**EXERCISE MATERIAL**
★ ★ ★

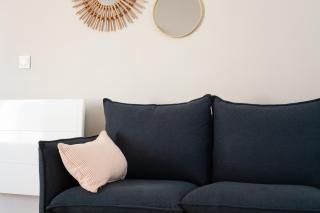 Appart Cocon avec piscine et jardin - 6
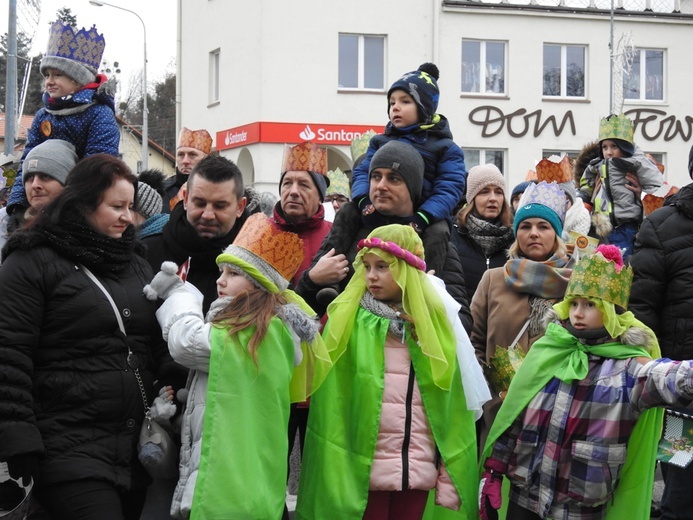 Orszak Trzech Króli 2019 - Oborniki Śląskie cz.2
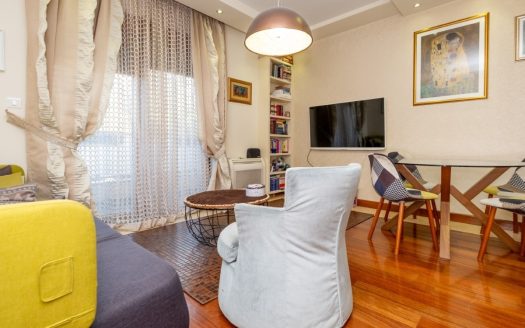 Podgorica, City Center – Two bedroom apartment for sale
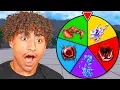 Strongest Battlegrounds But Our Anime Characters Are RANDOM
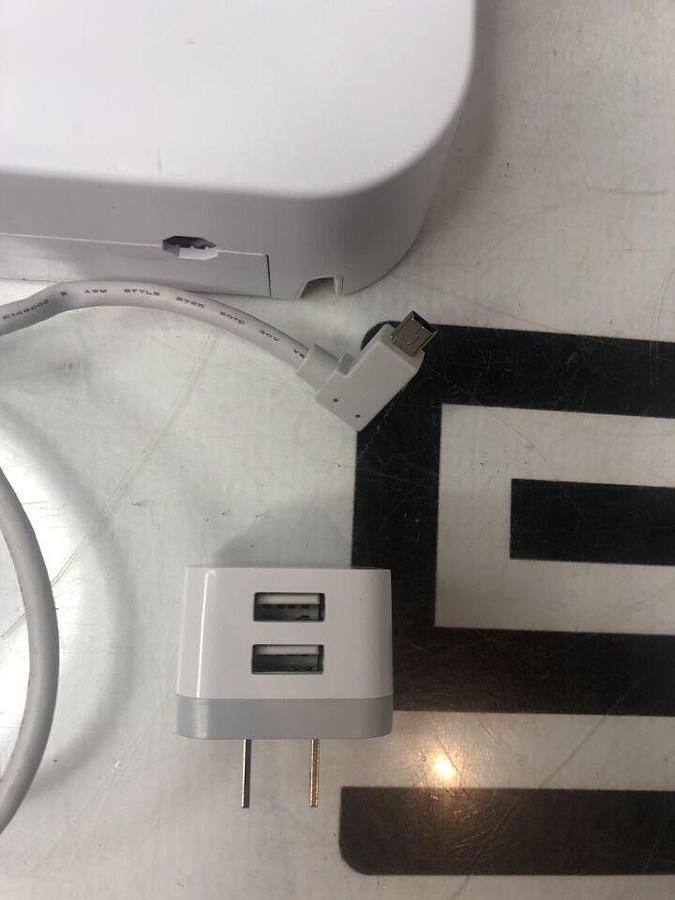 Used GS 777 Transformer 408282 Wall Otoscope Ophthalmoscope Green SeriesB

★ ★ ★

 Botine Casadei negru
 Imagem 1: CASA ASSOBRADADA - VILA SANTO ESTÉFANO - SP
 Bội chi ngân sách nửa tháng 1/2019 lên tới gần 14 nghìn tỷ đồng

★ ★ ★

**EXERCISE DIRECTIONS**
Going down the listing above, begin printing at the line with "Imagem 1: CASA" and finish with the line with "Bội chi ngân", exactly as they appear.

**OUTPUT FOR THIS TASK**
 Imagem 1: CASA ASSOBRADADA - VILA SANTO ESTÉFANO - SP
 Bội chi ngân sách nửa tháng 1/2019 lên tới gần 14 nghìn tỷ đồng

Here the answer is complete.